Shit, another year gone! That really freaks me out. Anyway, you know what that means, kids — yep, time for the annual year-end Undie Awards! The following are some local truths that became apparent to me over the course of the 300 or so concerts I attended this year. Drum roll, please …
The 2009 Undies
Best new local band(s): 1991, Bananafish, Cotton Candy Cookies and Cream and Dr. Moonstien
Call it an indecisive cop-out to have a four-way tie if you want, but a surplus of dope new acts too good to leave unrecognized is a dilemma I'll take happily any day. You can also consider this category "bands to watch next year."

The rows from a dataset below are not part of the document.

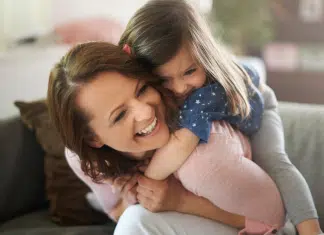 Mulher que mentia no trabalho para cuidar dos filhos cria empresa que contrata apenas mães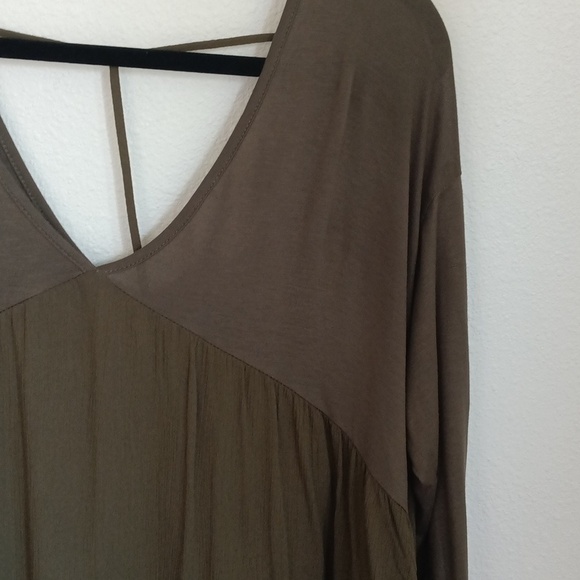 Altar'd State Womens Olive Green Flowy Gauze Babydoll Top Vneck Tunic Size Large - Picture 3 of 9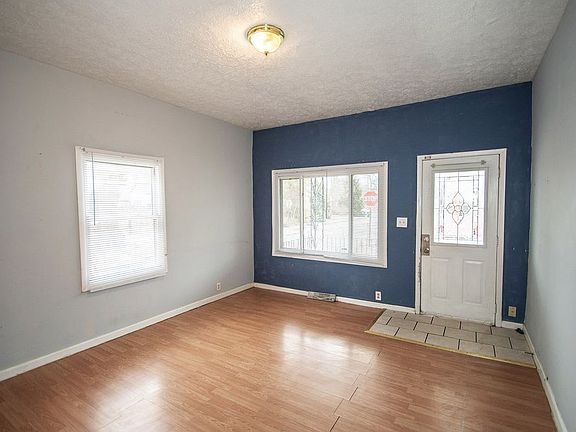 4th image of 1156 Lexington Ave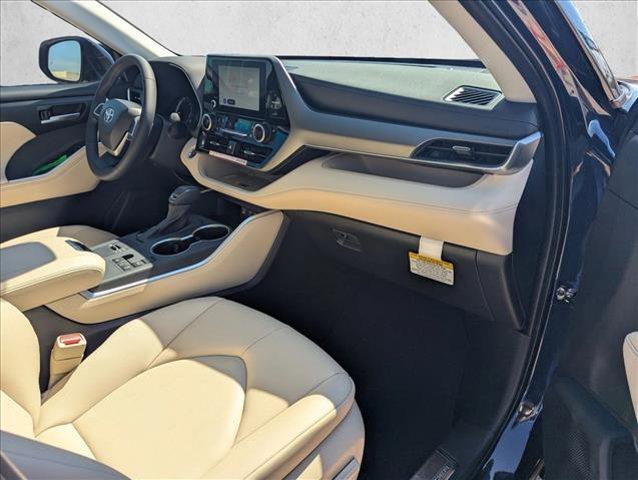 new 2025 Toyota Highlander car, priced at $47,492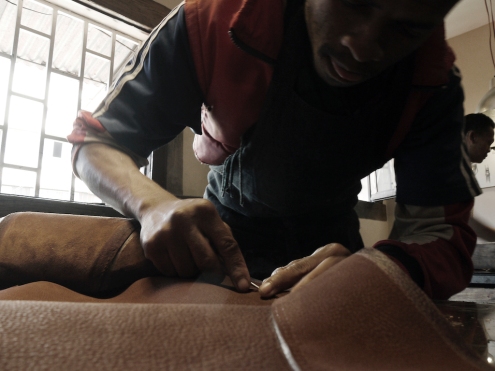 Atelier de maroquinerie Izaho à Antananarivo, madagascar 10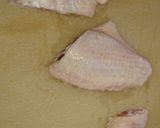 A picture of step 1 of Hot & Juicy Air Fried Chicken Wings.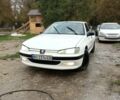 Белый Пежо 406, объемом двигателя 1.76 л и пробегом 200 тыс. км за 1850 $, фото 3 на Automoto.ua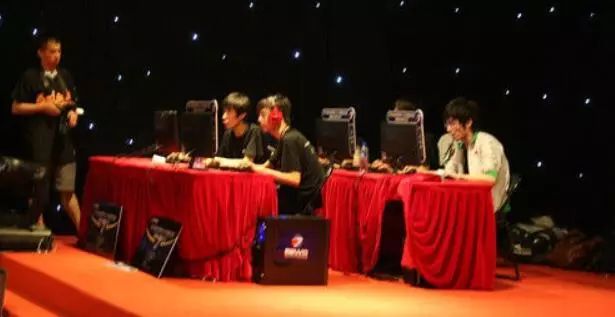 被Dota玩家说了十年的“爹妈大战”，究竟是怎样的战役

Local album of the year: No More Heroes, Solillaquists of Sound
This ambitious and extraordinarily multidimensional sophomore album by Orlando's first family of hip-hop is a triumph of concept, both musically and graphically. Both the sound and the art are big, vibrant, exciting and contemporary. Now that they've thrown the doors wide open with this one, who knows where they'll go on their next and trilogy-concluding album.
Most constructive scene development: Greater grass-roots cooperation
The two events that embodied this most notably in 2009 are the Orange You Glad and Anti-Pop music festivals. Collaboration in the music community happens every year, but not always with such depth, focus and scale. Working together in any form is a good thing. When it's measurably productive, great things happen.
Promoter of the year: John Youngman
As the city's most powerful indie booker, Foundation Presents is always a scene-shaping force, as are the more cutting-edge bookings of Parafora Music. But the seasoned Youngman earns the 2009 honor for a couple of reasons. First, after taking the reins as head talent buyer for Firestone Live earlier this year, he's brought large, high-quality concerts back downtown on a more regular basis than we've seen in ages (Animal Collective, Atmosphere, Gogol Bordello, Cut Copy, Hank III and others). His promotional power was instrumental in Firestone's committed and so-far-successful leap this year from dance club to live venue. The second reason he takes the category is the effective way he turned the challenge of hosting the Anti-Pop Music Festival during economically difficult times into a more local-minded effort.
Best venue repurposing: Garage Days at the Social
Chris Rae's Monday-night backroom punk concert series started out as a way to fill the concert doldrums of summer, but wound up creating a great underground gathering spot that inventively utilized the venerable nightclub to provide a raw, up-close live music experience. A close second is the Shak Nasti CD release party that turned the Enzian Theater into a surprisingly convincing live music venue.
Best social collision: Hardcore shows at Hoops Tavern
There's a decent tradition of fringe factions of the city's underground seeking offbeat and unlikely places to hang and just be themselves. These shows at Hoops are the latest and greatest. There's a conspicuous lack of traditional promotion, so you'll have to ask the nearest crust-punk for the DL, or just follow your nose.
Most welcome comeback: DaVinci
Formerly Caffe da Vinci, this beloved DeLand institution is thankfully back in business. It has yet to regain its former momentum in terms of shows, but here's hoping that one of the most enchanting spots in the state to be, drink and listen is on its way.
Best impersonation of Visage: Firestone Live
Other clubs, like Independent Bar and Cairo, have tried to revive the golden-era alternative vibe of pioneering nightclub Visage with knowledgeable DJs, but by getting the buzz bands of that time to actually perform in person, Firestone Live has strangely re-created Visage's scene-defining live venue component. Nitzer Ebb, KMFDM, Skinny Puppy, Revolting Cocks — it's like 1989 all over again!
Worst act: Ricky Diamond
I know I'm in for another lengthy, irrational and insulting blast of cyber-stalking from the guy, but I gots to call it like I sees it. Frankly, he'd be a hundred times better if he embraced the outrageous silliness of his dance-pop schtick with some honesty and a sense of humor. But from his prima donna bitchiness, the likes of which tops anything I've personally been bombarded with, you'd think he was conducting the fucking symphony orchestra or something. Amazing.